Captain Moran in particular was a fun foil to the more reserved Moriarty.
Another of a series of Sherlock Holmes novels written with the focus on Moriarty instead of the better-known sleuth, The Empress of India takes us out of 1800s London and to the ‘jewel in the crown’ of the British Empire – India.
A vast and extremely important shipment of gold is being transported to the Bank of London from India and such a tempting prize is sure to excite the interest of the criminal mastermind Professor Moriarty. So Sherlock Holmes thinks at least, and as he is taken on by the Bank to ensure all is secure for the gold’s arrival he enthusiastically gets on the case. Unfortunately an accident befalls him, leaving the way open for an eclectic group of London underworld thugs and thieves, led by the mysterious Pin Dok Low, to hatch a plan to steal the gold and leave Moriarty as the prime suspect. Moriarty however is on his own mission to India to assist a friend, Captain Sebastian Moran, in an acquisition of his own. Accidentally mixed up in a plot to steal the gold and the resurgence of the Indian terrorist group called thugees who strangle their victims with a scarf, everything centres on the steam ship Empress of India as it makes its return voyage.

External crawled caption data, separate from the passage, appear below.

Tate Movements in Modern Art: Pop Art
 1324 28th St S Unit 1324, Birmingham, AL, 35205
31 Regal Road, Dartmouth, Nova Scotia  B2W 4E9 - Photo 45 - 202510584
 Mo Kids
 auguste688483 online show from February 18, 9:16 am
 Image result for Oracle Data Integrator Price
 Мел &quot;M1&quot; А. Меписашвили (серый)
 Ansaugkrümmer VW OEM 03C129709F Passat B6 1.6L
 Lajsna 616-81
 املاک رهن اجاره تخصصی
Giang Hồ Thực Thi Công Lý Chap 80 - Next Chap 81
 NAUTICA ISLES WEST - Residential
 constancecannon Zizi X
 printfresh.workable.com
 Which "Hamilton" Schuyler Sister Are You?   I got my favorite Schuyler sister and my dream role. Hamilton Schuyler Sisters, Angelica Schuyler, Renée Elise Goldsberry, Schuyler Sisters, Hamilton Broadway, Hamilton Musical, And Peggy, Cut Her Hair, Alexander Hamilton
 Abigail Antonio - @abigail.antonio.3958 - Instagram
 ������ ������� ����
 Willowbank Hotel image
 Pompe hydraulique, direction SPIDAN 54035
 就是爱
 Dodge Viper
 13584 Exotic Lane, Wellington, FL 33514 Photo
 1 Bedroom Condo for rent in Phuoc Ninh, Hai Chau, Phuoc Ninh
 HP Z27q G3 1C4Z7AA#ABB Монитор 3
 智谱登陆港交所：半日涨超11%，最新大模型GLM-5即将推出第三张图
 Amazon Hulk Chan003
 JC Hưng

I liked the transportation of action from London to India, though most of the action takes place on the ship, and the cast of supporting characters were entertaining and held their own well. Captain Moran in particular was a fun foil to the more reserved Moriarty. I mentioned in my review of the first book of this series, The Infernal Device, that I didn’t think the famous characters quite fitted with the originals, which is fair enough I suppose, but you have to be prepared for a pantomimed-up version of the original with an American veneer, so if you can go with it these are enjoyable and lively books.